Educator encourages understanding

In light of recent demonstrations on campus, an international peace educator shared his insights on conflict resolution and free speech.

The peace educator, Arthur Romano, an assistant professor at George Mason University, said that during conflicts, people tend to attack each other instead of focusing on the social issues. He emphasized that people can be easier to blame than overall circumstances when things don’t go as planned.

“There’s good reasons why we tend to attack people instead of problems,” Romano said, “because it’s right there and it’s palpable.”

Berto Cerrillo, Student Involvement associate director, said the Student Entertainment Board invited Romano to campus in response to recent organized rallies, such as the sit-in at the beginning of the semester.
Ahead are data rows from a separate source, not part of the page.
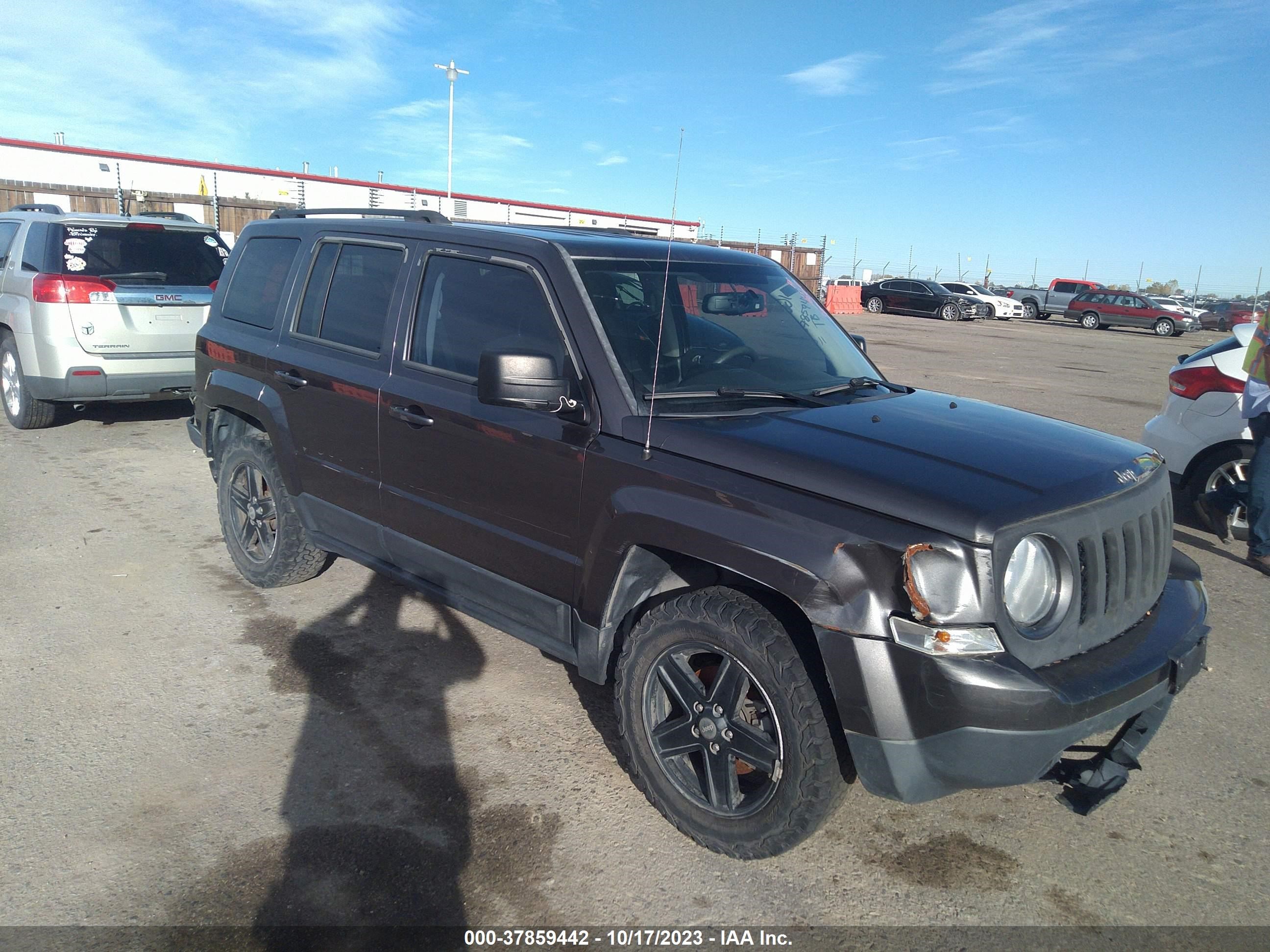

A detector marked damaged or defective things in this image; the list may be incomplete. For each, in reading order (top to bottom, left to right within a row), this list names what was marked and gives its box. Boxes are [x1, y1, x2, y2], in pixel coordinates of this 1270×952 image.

damaged front bumper [818, 550, 1204, 807]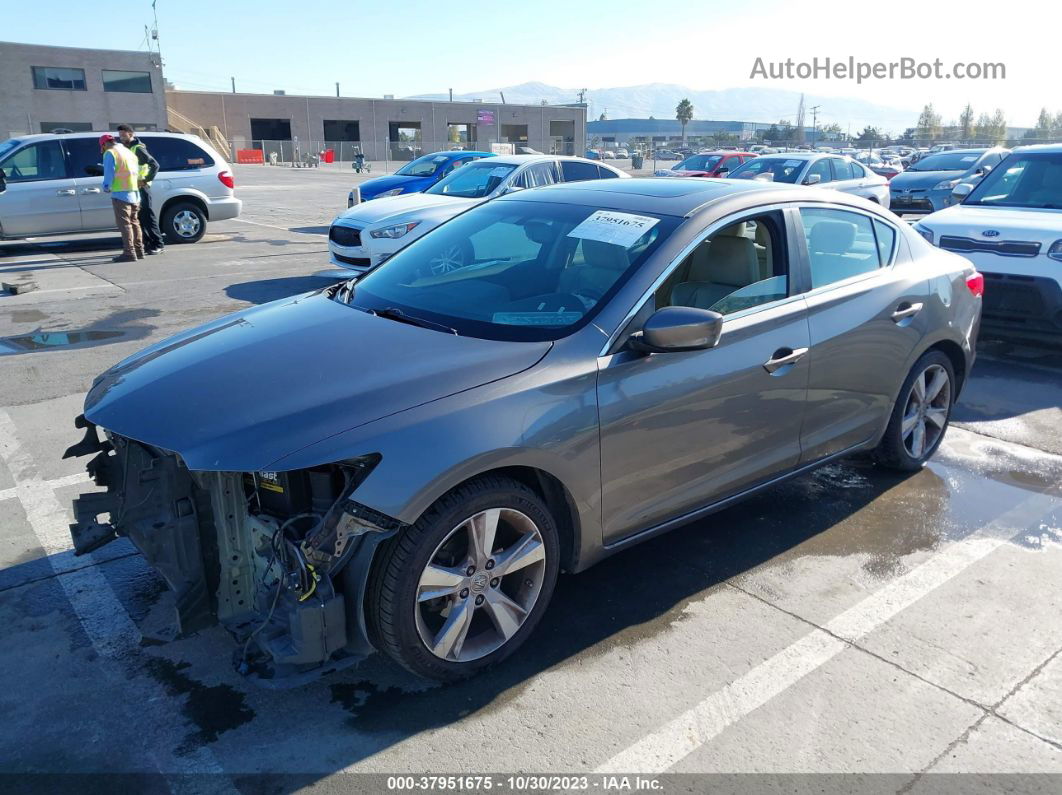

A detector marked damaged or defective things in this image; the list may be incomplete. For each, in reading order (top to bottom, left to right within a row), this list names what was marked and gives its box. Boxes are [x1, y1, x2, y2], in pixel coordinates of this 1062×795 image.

crumpled hood [333, 192, 471, 226]
crumpled hood [887, 168, 964, 189]
crumpled hood [87, 295, 552, 475]
damaged gray sedan [64, 178, 977, 683]
car front end damage [63, 416, 401, 683]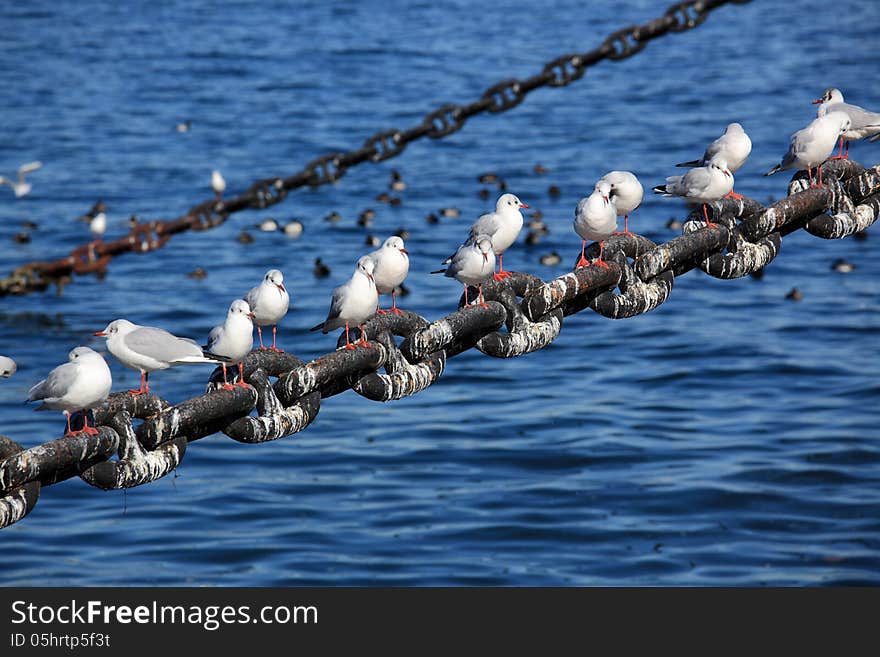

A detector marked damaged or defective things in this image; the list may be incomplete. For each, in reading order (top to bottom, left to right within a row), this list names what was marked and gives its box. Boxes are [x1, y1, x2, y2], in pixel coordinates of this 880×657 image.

rusty chain [0, 0, 748, 294]
rusty chain [3, 158, 876, 528]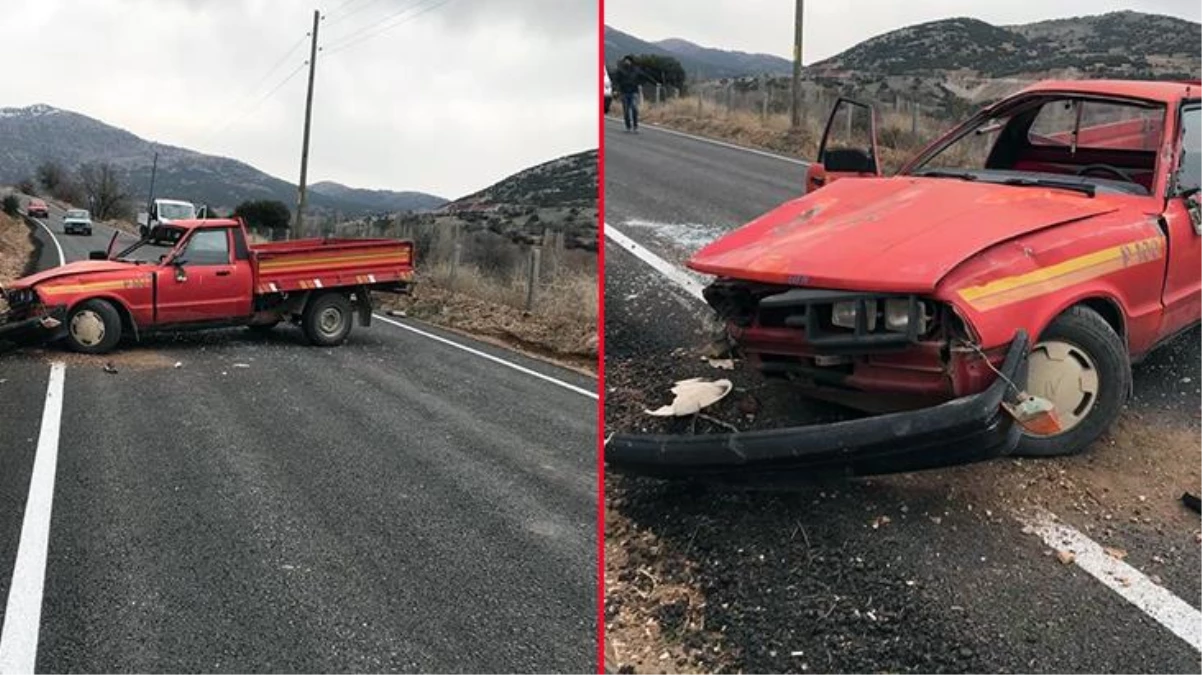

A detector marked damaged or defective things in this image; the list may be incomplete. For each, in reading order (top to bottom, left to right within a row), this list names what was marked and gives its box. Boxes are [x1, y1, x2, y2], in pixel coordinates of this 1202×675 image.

damaged front bumper [0, 304, 66, 352]
detached bumper [0, 304, 67, 352]
crumpled hood [3, 260, 134, 290]
collision damage [608, 79, 1202, 480]
crumpled hood [684, 177, 1128, 294]
detached bumper [608, 332, 1032, 480]
damaged front bumper [608, 332, 1032, 480]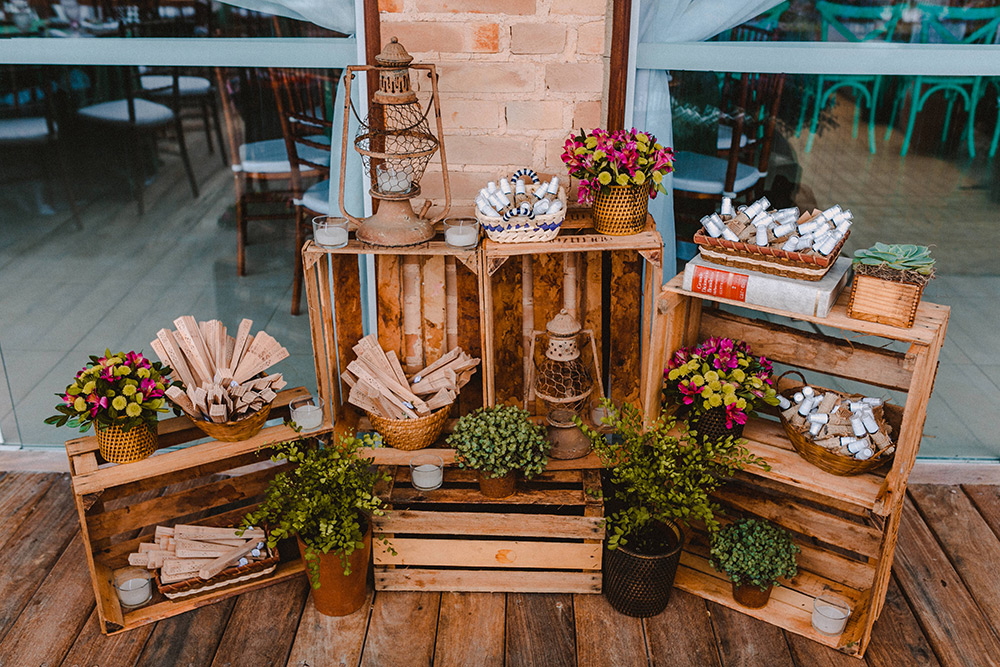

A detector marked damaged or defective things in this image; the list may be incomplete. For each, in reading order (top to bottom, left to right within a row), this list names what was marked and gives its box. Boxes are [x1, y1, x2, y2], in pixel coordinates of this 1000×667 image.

He noted that some of these demonstrations, like the Young Americans for Liberty rally earlier this semester, left students divided.

“They were defending that hate speech is free speech and they’re right,” Cerrillo said, “but the end of that conversation really just became a trial of you versus me between students.”

Peace talk participant Hailey Windish, who is majoring in business and entrepreneurship, said students need to know that conflict is not temporary. She said there needs to be thought after actions.

“This is a life-long thing … knowing that you can learn from every challenge you have and every activist movement,” she said. “Educate yourself before jumping in.”

Romano said the best way to counter-protest is to understand the other side.

He said in his experience, a good way to counter protest is to hand out flyers to educate bystanders, or the other side.

He said when he participated in a counter protest against the Westboro Baptist Church, his group set up trained members around them to ensure that violence did not occur.

“We thought we could convince people that we shouldn’t play in their hands,” Romano said.

Toward the end of the discussion, Cerillo said groups can rely on WSU for support and that they can help develop students’ ideas to be more effective.

“The challenge here is that most of our students who are engaging aren’t as organized as they could be,” Cerrillo said. “That’s the thing that we wish was better. If they had talked to even us, we could help them think about it.”

He said that verbally attacking people does not solve the problem.

“When it’s most effective is helping people to engage with underlying issues,” Romano said. “It’s not about attacking people — it’s about addressing problems.”